Big Brother is watching you!

«Big brother is watching you!». Così riportavano gli enormi manifesti affissi per le strade della Londra descritta da George Orwell nel suo romanzo più famoso, 1984. Il Grande Fratello, capo del partito unico dell’Oceania, ha occhi dappertutto. Può guardare, attraverso i teleschermi, ogni abitazione in ogni punto della città, controllando tutti i cittadini, anche nella loro vita privata, condotta sessuale compresa! Molti sociologi e letterati hanno esaltato la portata profetica del messaggio di Orwell, constatando l’inevitabile avvento di una società in cui tutto è controllato, tutto è spiato.

In realtà, oggi, la diffusione e l’uso dei social network, più che rappresentare un Grande Fratello onnipotente e onnipresente, ci fanno abitare in un “palazzo di vetro senza pietà”, secondo una felice espressione di Chiara Giaccardi a commento di due tristi vicende che interrogano profondamente la teologia morale a dare risposte concrete e adeguate.

Tiziana, 31 anni, napoletana.

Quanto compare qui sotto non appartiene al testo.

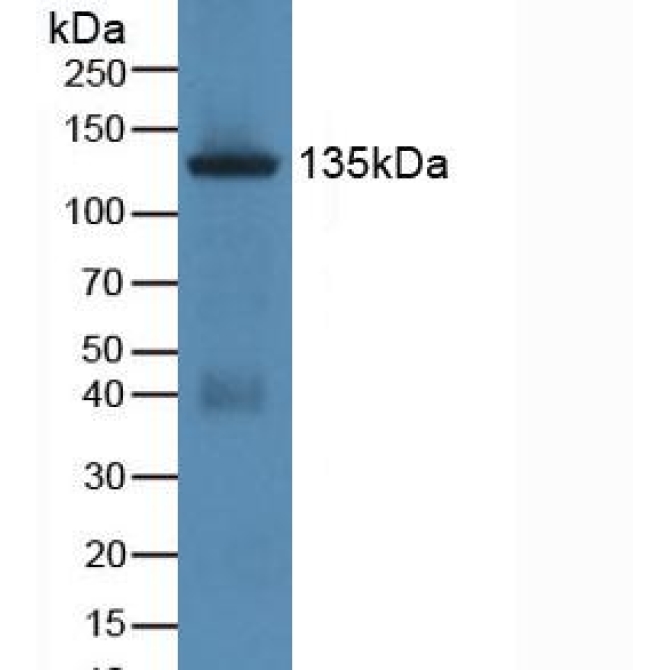 Jagged 1 (JAG1) Human Polyclonal Antibody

Suicida dopo la diffusione sul web del video di un suo rapporto intimo, che ha ottenuto milioni di visualizzazioni. Così la ragazza è diventata oggetto di spietati commenti che hanno reso la sua vita un inferno, costringendola prima a cambiare città e poi a togliersi la vita.

Giovane 17enne riminese, ubriaca, viene violentata da un ragazzo mentre le sue amiche, in un generale contesto di ilarità e di totale assenza di compassione, filmano lo stupro inviandolo poi su WhatsApp.

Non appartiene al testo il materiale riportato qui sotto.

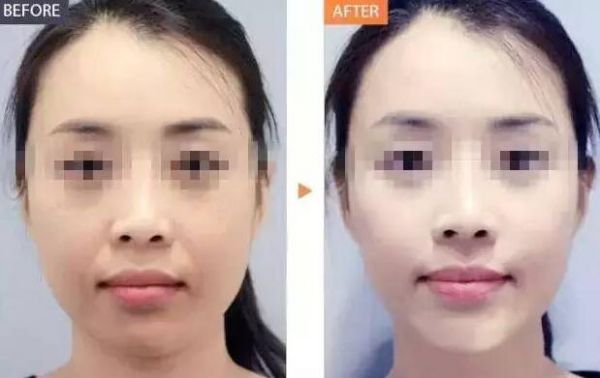 深圳最好的祛斑醫(yī)院  激光美容祛斑價(jià)格（圖）_1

Rabbia, vergogna e disprezzo si accompagnano spesso a inutili moralismi che tendono ad attribuire colpe alle due ragazze per la facilità dei loro costumi (la prima aveva acconsentito a farsi filmare, la seconda era completamente ubriaca). Credo, tuttavia, che queste due angoscianti vicende debbano far risvegliare in noi interrogativi più profondi su come l’uso dei social stia modificando la nostra stessa identità.

La rete ha consentito ai vari commentatori del video della ragazza napoletana di esprimere i commenti più squallidi, rimanendo, tuttavia, nell’anonimato. Non si valuta l’importanza di un’azione o di un commento perché si pensa alla rete come al luogo della sperimentazione e del gioco senza regole.

Utilizzare la rete come moratorium può tuttavia condurre a esiti negativi nella formazione della propria morale, trascinando l’individuo a forme estreme di alienazione, sostituendo completamente le dimensioni fisiche dell’esperienza con quelle virtuali, prolungando all’infinito una condizione d’irresponsabilità e consentendo di trattare l’altro come un oggetto inerme. La persona incorre così nel pericolo di sottrarsi alla responsabilità di scegliere e di comprendere che alcune delle sue scelte possono essere irreversibili e possono causare nell’altro danni irreparabili.

Un uso eticamente corretto dei new media deve quindi innanzitutto sventare ogni attacco all’integrità dell’identità personale e ricomporla nel confronto con la differenza. Il concetto di identità è un concetto relazionale e, quindi, si costruisce nel rapporto con l’altro e nella promozione dell’altro.

La forte crisi delle relazioni – spesso accentuata dal predominio di un virtuale sempre più distaccato dal reale – rende artificiosi i rapporti interumani e conduce il processo di costruzione dell’identità a derive individualiste, a omologazione e solipsismo (tutto, infatti, è legato al numero di like più che all’idea di bene e di giustizia). Un’autentica etica dell’alterità, attenta – come sosteneva Lévinas – al “volto dell’altro”, appare la strada più corretta perché i social media possano sorreggere la persona nel suo processo di crescita e maturazione.

Non si tratta di intervenire, limitando o controllando l’uso dei social, ma di investire nella formazione delle coscienze perché scelgano di abitare non “palazzi di vetro senza pietà”, ma “piazze aperte di condivisione” e di riconoscimento dell’altro.